Yoga may be appropriate if someone can lead the group
10:45-11:05 Sit in Silence
11:05-11:20 Preparation for meal & transition from food to labor
- Gather around altar of food and other items
- Ask participants to list all the hands that touch, for example, a tomato as it is planted by a farmer and trace its journey to being eaten on a hamburger in a fast food restaurant (remember planting, tending, picking, transporting, packaging, unwrapping, slicing, eating)
- Buddhist Meal Prayers: All participants say these together aloud
- Farmworker Communion: Pass around for participants to each read one paragraph aloud
1:20-12:00 Lunch
12:00-1:00 Silent Walking Meditation
Open the meditation by reading Cesar Chavez’s Fasts for Righteousness
1:00-1:30 Discussion–Politics of Food: Farmworker Issues
- Centering quote by Wendell Berry (below)
- Personal sharing by facilitators of how they got involved
- Farmworker statistics read aloud by participants by passing around sheet
- Farmworker quotes read aloud by participant volunteers
- Discussion and questions
Quote by Wendell Berry*:
Eaters…must understand that eating takes place inescapably in the world, that it is inescapably an agricultural act, and that how we eat determines, to a considerable extent, how the world is used.
* Page 249 from Food & Faith: Justice, Joy and Daily Bread, edited and compiled by Michael Schut of Earth Ministry, Denver, CO: Living the Good News, 2002
1:30-2 Closing
Farmworker issues are intertwined with farmer issues, environmental issues, consumer issues health issues and all is tied to our spirituality
- Participants brainstorm positive signs they have observed and offer alternatives for eating that is healthier spiritually. Examples might include: Community Supported Agriculture, new labor contract covering 8000 farmworkers in North Carolina offering them a voice for the first time ever, increase in organic produce, farmers’ markets etc.
- Closing reading (below)
- Closing moment of silence
Closing reading: A Word of Hope
Fundamentally, food and agriculture are about life: life for the hungry and for all who depend on farmers and farmworkers for what we eat every day. But they are also about life for farmworkers who risk their health to pick our food, sometimes not knowing what pesticides are in the field. They are about life for subsistence farmers in Africa trying to feed a family and make a meager living. They are about a way of life for farm families in the United States who are unable to meet debt payments and face selling a farm that has been in the family for generations. These reflections call all of us to make the protection of life and dignity the foundation for our choices on agriculture. We know these are not easy times, but as believers we have hope for the days ahead:
- We have the capacity to overcome hunger in our nation and around the world. What an achievement that would be!

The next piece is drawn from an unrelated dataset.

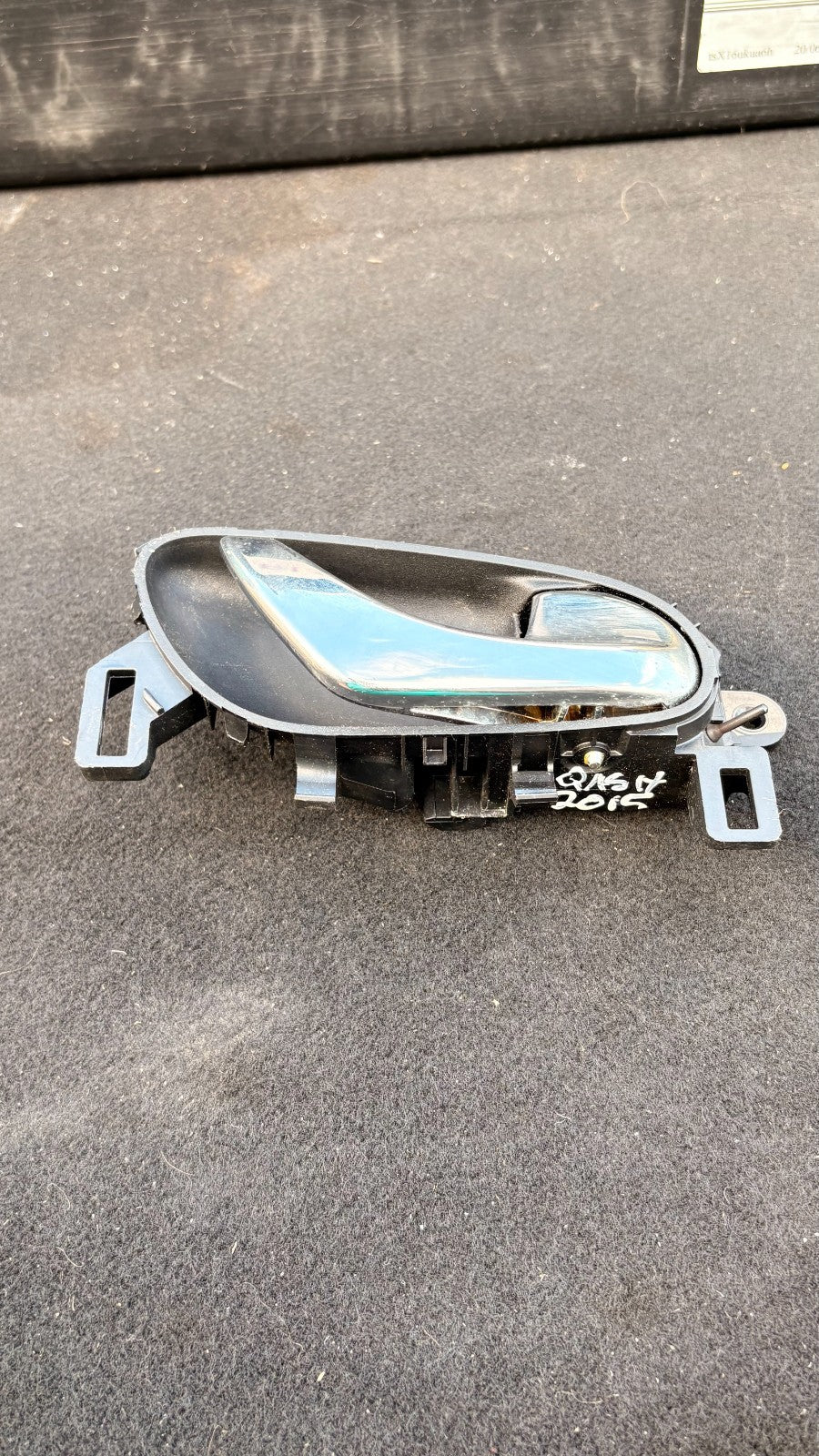 NISSAN QASHQAI J11 2015 INTERIOR DOOR HANDLE REAR RIGHT DRIVER SIDE 80670-4EA0A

- We stand with farmers, particularly those who own small and family farms here and abroad, in their struggle to live with dignity, to preserve a way of life, and to strengthen rural communities.
- We insist that agricultural workers be treated with dignity–decent wages, safe working conditions, and a real voice in the workplace.
- We advocate for creation to protect the fields and streams, which are gifts of God.
- We find in our faith–the lessons of Genesis, the passion of the prophets, and the words and life of Jesus–the ultimate source of hope.
* from page 14 of For I was Hungry & You Gave Me Food: Catholic Reflections on Food, Farmers, and Farmworkers. US Conference of Catholic Bishops, Washington, DC 2003.